The Vast China International Furniture Fair

I had the good fortune to attend the China International Furniture Fair, a huge showcase of innovative design solutions.

The event filled nearly 1 million square feet in the Canton International Export and Trade Center in Gangzhou. People buzzed through the facility exploring new designs for elements as small as caster wheels and as large as full office prototypes.

Throughout the experience, I noticed a few core differences between the typical furniture expos I’ve seen in the United States from what I saw in China.


The economy in China is booming; clearly they are focused on designing for the growth, which seems to be fully supported politically, too. Deals were happening right in front of me on the showroom floor – something I’ve never seen here in the States.

The Chinese want the world to see what they can do. Just the shear size of the show alone — and the ability to attract people from around the world to make deals happen – shows that they aggressively make their economy grow.

Even the language barrier, which is significant, poses an obstacle that they are clearly overcoming. No matter the language, they were able to communicate through their products, displays, marketing materials, and in-person translators. It demonstrated the opportunities that exists in our building relationships with China.

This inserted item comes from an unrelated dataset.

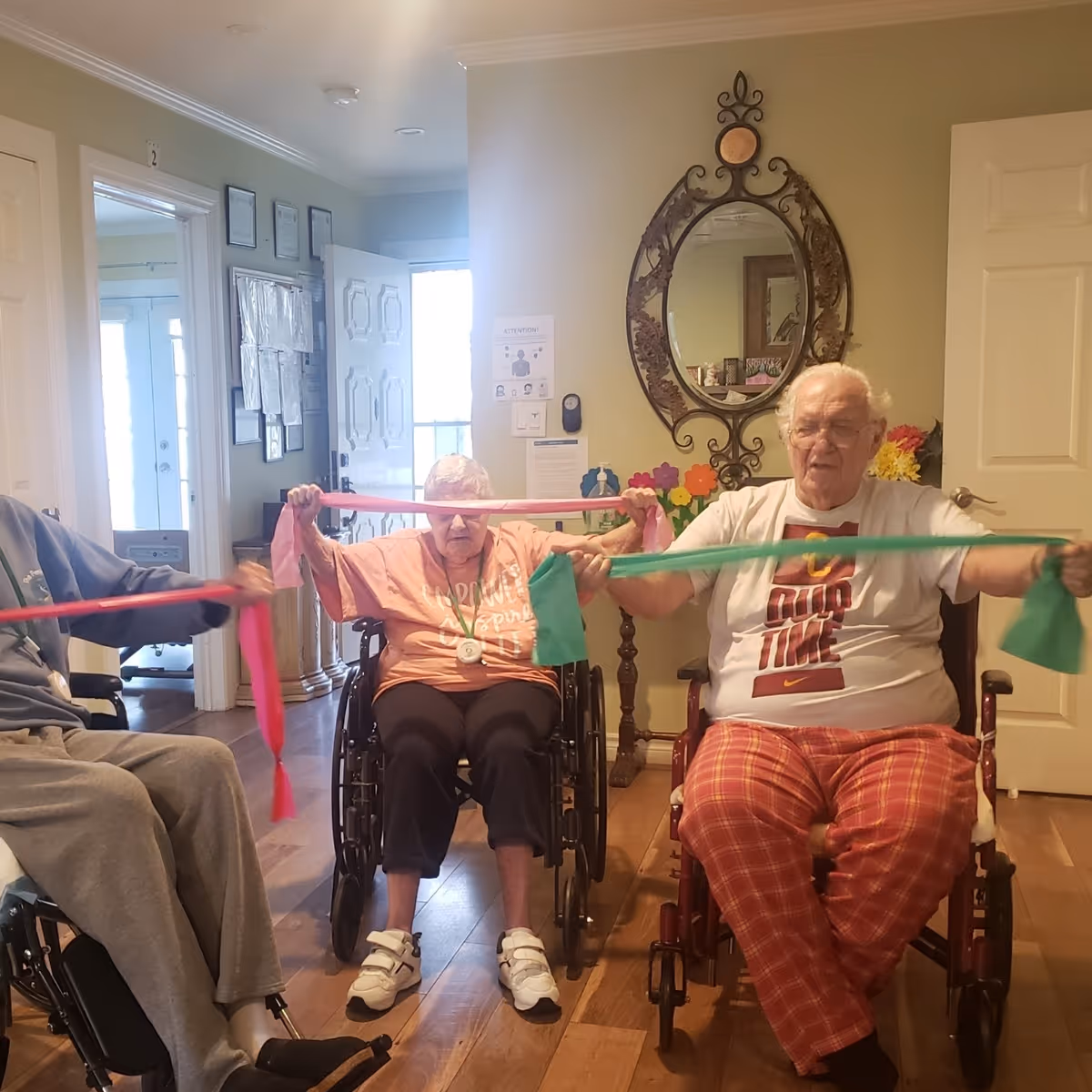 Three elderly individuals sitting in wheelchairs inside a residential care facility, participating in a seated exercise using colorful resistance bands. The room has wooden flooring, a decorative mirror on the wall, and an open door letting in natural light.
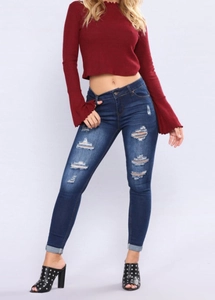 Vue détaillée du jean skinny bleu foncé avec des déchirures aux genoux et moustaches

In fact, I walked away realizing the huge potential U.S. manufactures have in looking to China for partnerships. If we’re willing to provide them with our innovation and design, they could match us with impressive manufacturing power and quality.

The biggest barriers to doing so may indeed be language, service, and national support networks — but I suspect that systems for these already exist or, at the very least are not far behind.


The strength and breadth of China’s  industrial and manufacturing capabilities were on display. Nothing was left out; beaming professionals showcased fabrics, screws, cushions, bent wood frames, seats, and even the tools they use to make them.

The Chinese have made pretty significant improvements in quality and are improving rapidly. They have achieved a respectable status for the quality of furniture that is being made.

But my sense was that it is geared toward a mass-production mindset. Everyone was selling quantity — the more you bought, the cheaper it was. This notion isn’t novel, of course, and it also seemed to be driven by the presence of large U.S. retail chains who’ve been working with China for some time already.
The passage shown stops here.